Ferguson spoke yesterday at PromaxBDA: The Conference 2013 in a session called “Everything Is a Remix: The Challenge of Originality,” where he stood by creative ideas, no matter where they come from.
To build upon that creativity, according to Ferguson, once simply has to copy, transform and combine, even though “the idea runs counter to our culture’s idea of individual and original creativity.”
“Most creative works are sprawling, messy affairs,” said Ferguson. They take from previous works, intentionally or not, and whether they are derivative or original, that work can still stand on its own. Danger Mouse created the “Grey Album” from The Beatles and Jay-Z. Led Zeppelin merged other bands’ work into their hit songs, and their bassline beats were borrowed from artist like Beastie Boys and Dr. Dre.
Ferguson’s point was that, even though ideas or origins of ideas can be traced back to a point on the spectrum, that doesn’t take away from their value as good ideas. People, and audiences, like things that are familiar to them, according to Ferguson. “Hollywood is full of sequels, remakes and adaptations,” he said. “‘Transformers’ is based off of a TV show that is based on a series of toys.”

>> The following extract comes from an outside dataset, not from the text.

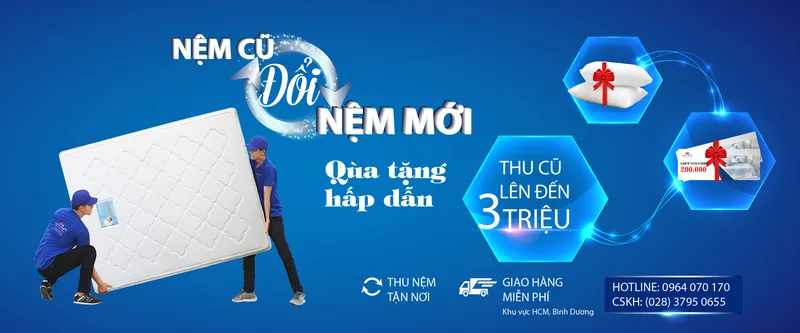 Sản phẩm THU NEM CU DOI NEM MOI 01 — Nệm Vivian - Công Ty TNHH Sản Xuất Thương Mại Nệm Vivian — MST 0313575895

These formulaic and unoriginal ideas are prevalent: “Its in good work, bad work, revolutionary work,” Ferguson said. And with this remix system in creativity, “we get plenty of repetition and redundancy.”
This often results in the idea of multiple discovery. Sometimes ideas just pop up in public consciousness at the same time, without being stolen or ripped off of previous inventions, and end up in inevitable duplicates. It’s why three Coco Chanel movies premiered within three months of one another, and why right around the same time Ferguson presented his idea and video series focused on the remix concept, Malcolm Gladwell published an article focusing on the same idea and titled it the “Creation Myth.” It’s also why there are constantly any number of Sherlock Holmes pilots in the mix.
And so, Ferguson said, the creative community needs to accept that we “often draw from our culture in a way that we don’t always acknowledge,” and start using the tools to copy, transform and combine in order to make new ideas from the old.